# See a Deluxe 'Catio' Built for Feline Fun



## Mitts & Tess (Sep 4, 2004)

See a Deluxe 'Catio' Built for Feline Fun

 You know those people whom stray animals just seem to find? When it comes to cats, Tom and Liz are those people. At present 16 cats have found their way into their hearts and home. Some are shelter cats once deemed unadoptable, others have wandered onto their property, and a few came from various relatives who could no longer care for them. For this reason we’re withholding their last names and exact location, lest anyone get any ideas about leaving more cats with them. Tom and Liz love to save cats, but they are at their limit. 

_Pictures and more of thier story in the article! Enjoy..._


----------



## GhostTown (Jan 12, 2012)

Jeez... that's intense.


----------



## tezster (Jun 4, 2013)

That's so awesome! Part of me is always interested in seeing these types of projects, but part of me is a little sad, knowing I could never create anything similar for my cats. It looks like a nice hangout for both cats and humans.


----------



## Mitts & Tess (Sep 4, 2004)

If your not handy you never know if a friend or partner might be handy and can create you a cateo one day! Keep the faith Tezster. I always love seeing what others create for cateos too!


----------



## Mitts & Tess (Sep 4, 2004)

or it could be as simple as installing this to enrich your kitties lives!


----------



## Yuki'sMum (Dec 3, 2012)

Wow that's great! I wish I lived somewhere warmer and had my own place. I'd love to do something like this. I love how they have adopted "unadoptables" and those cats live in there. 


Sent from Petguide.com Free App


----------



## stellar981 (Apr 17, 2013)

This is super awesome. I'm always saying how if I win the lotto, I will be opening a cat shelter.. Well, I guess it would help if I actually played the lotto!!


----------



## 10cats2dogs (Jun 16, 2013)

WOW! What a 'Pawsome' Project!!
I love these kind of posts! The people are so incredible for adopting these cats AND So inspiring with the Catio they designed! :thumbup::thumbup:


----------



## cat face (Apr 4, 2013)

WOW! what else is there to say!? <dreamy sigh>


----------



## Mitts & Tess (Sep 4, 2004)




----------



## Mitts & Tess (Sep 4, 2004)




----------



## Mitts & Tess (Sep 4, 2004)




----------



## stellar981 (Apr 17, 2013)

Mitts & Tess - awesome! Did you design those?


----------



## Mitts & Tess (Sep 4, 2004)

No, but I did this cateo for a client.

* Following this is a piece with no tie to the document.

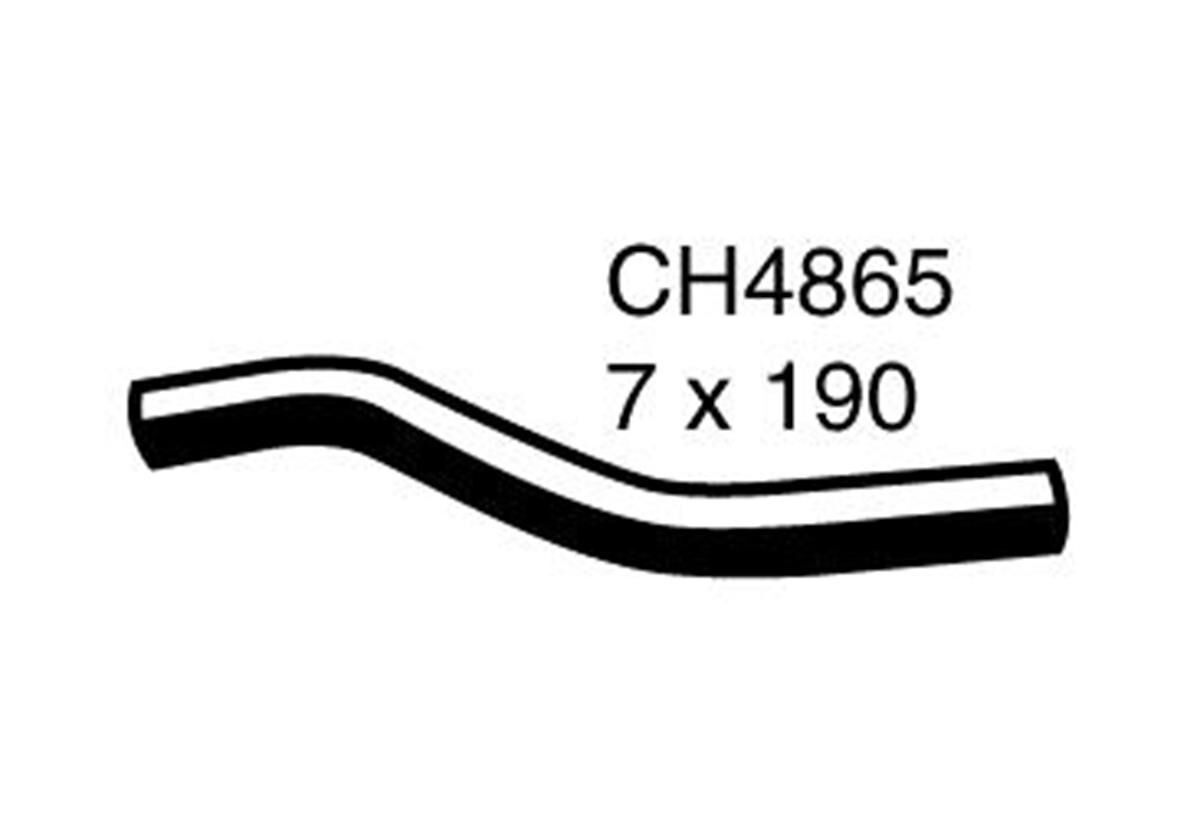 Engine By Pass Hose  - NISSAN PATROL GU - 3.0L I4 Turbo DIESEL - Manual & Auto, , scaau_hi-res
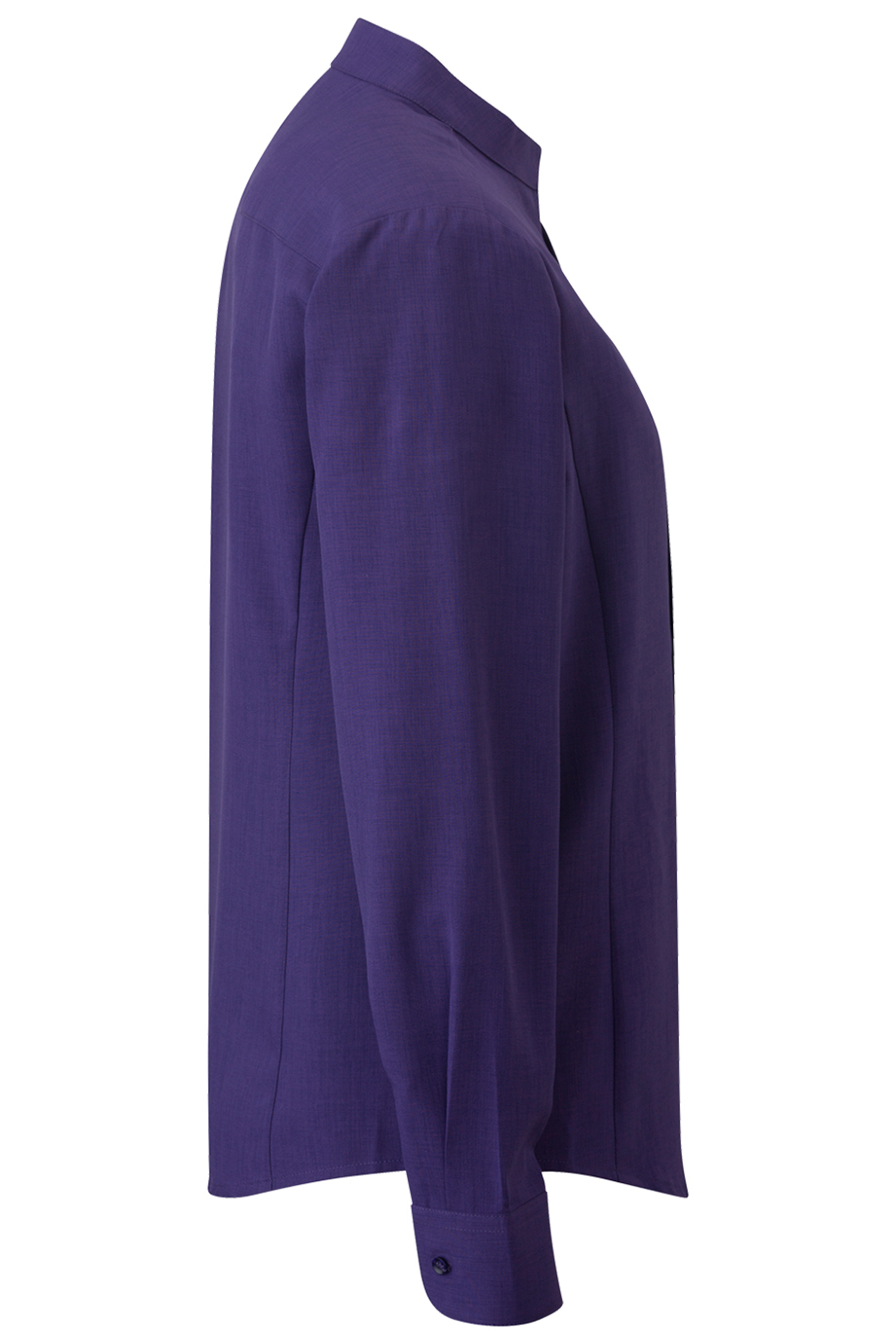 EDWARDS LADIES STAND-UP COLLAR SHIRT - Right View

It had an old closet with a hot water heater and a swamp cooler and air conditioner sitting out there. We put in salito tile and put up a ramada and put iron grids so the cat cant get out. There is a fountain and a cat door out to it.


----------



## 10cats2dogs (Jun 16, 2013)

Sooooo many great ideas!! Now if I could just get the time...


----------



## NebraskaCat (Jan 15, 2013)

I like the "deluxe viewing platform" in the initial post.

Since my atrium is two stories with my 2nd story bedroom window overlooking it, I wonder if I could have someone build a platform like that accessible from the bedroom in an enclosed walkway.

I know enough about myself to know DIY should be DET - Don't Even Try.


----------



## emilyatl (Sep 9, 2013)

NebraskaCat said:


> I know enough about myself to know DIY should be DET - Don't Even Try.


Ha! Me too.


----------



## razzle (May 20, 2010)

Love them but the initial post I think the holes are too big. Looks like a cat could get its head stuck.

Kathy


----------



## Marcia (Dec 26, 2010)

tezster said:


> That's so awesome! Part of me is always interested in seeing these types of projects, but part of me is a little sad, knowing I could never create anything similar for my cats. It looks like a nice hangout for both cats and humans.


If you think you can do something you probably can. I remember looking at a bunny doll a friend had made and thinking to myself "I could do that!" I was almost 40 before my creative juices started to flow! I used to watch a lot of DIY network TV and Home and Garden TV and got a lot of inspiration. I said all this to say that you should not take a defeatist attitude - one day you could wake up, drag two rotten Adirondack road kill chairs home and before you know it you could be making them to sell!! atback


----------



## Mitts & Tess (Sep 4, 2004)

tezster with a little coaching and inspiration its fun to tackle things. You either have an aptitude to do some things or you dont. You dont know until you try. I say go for it!


----------



## Mitts & Tess (Sep 4, 2004)

Oooooh I found another one. My honey said this would be easy to build.... YES!!!!



















At one time this couple had 14 cats from abused or abandoned situations. They have the cat boxes out there and it is accessable from a magnetic cat door in their laundry room! Nice job this couple did of dreaming and building a place for their cats to enjoy!


----------



## 10cats2dogs (Jun 16, 2013)

This I Like! And it does look doable!
The Cats have got to happy with that set-up!


----------



## MowMow (Nov 6, 2010)

Less than deluxe but for those who have a budget or a small apartment balcony and don't want a permanent structure this is a pretty neat idea!!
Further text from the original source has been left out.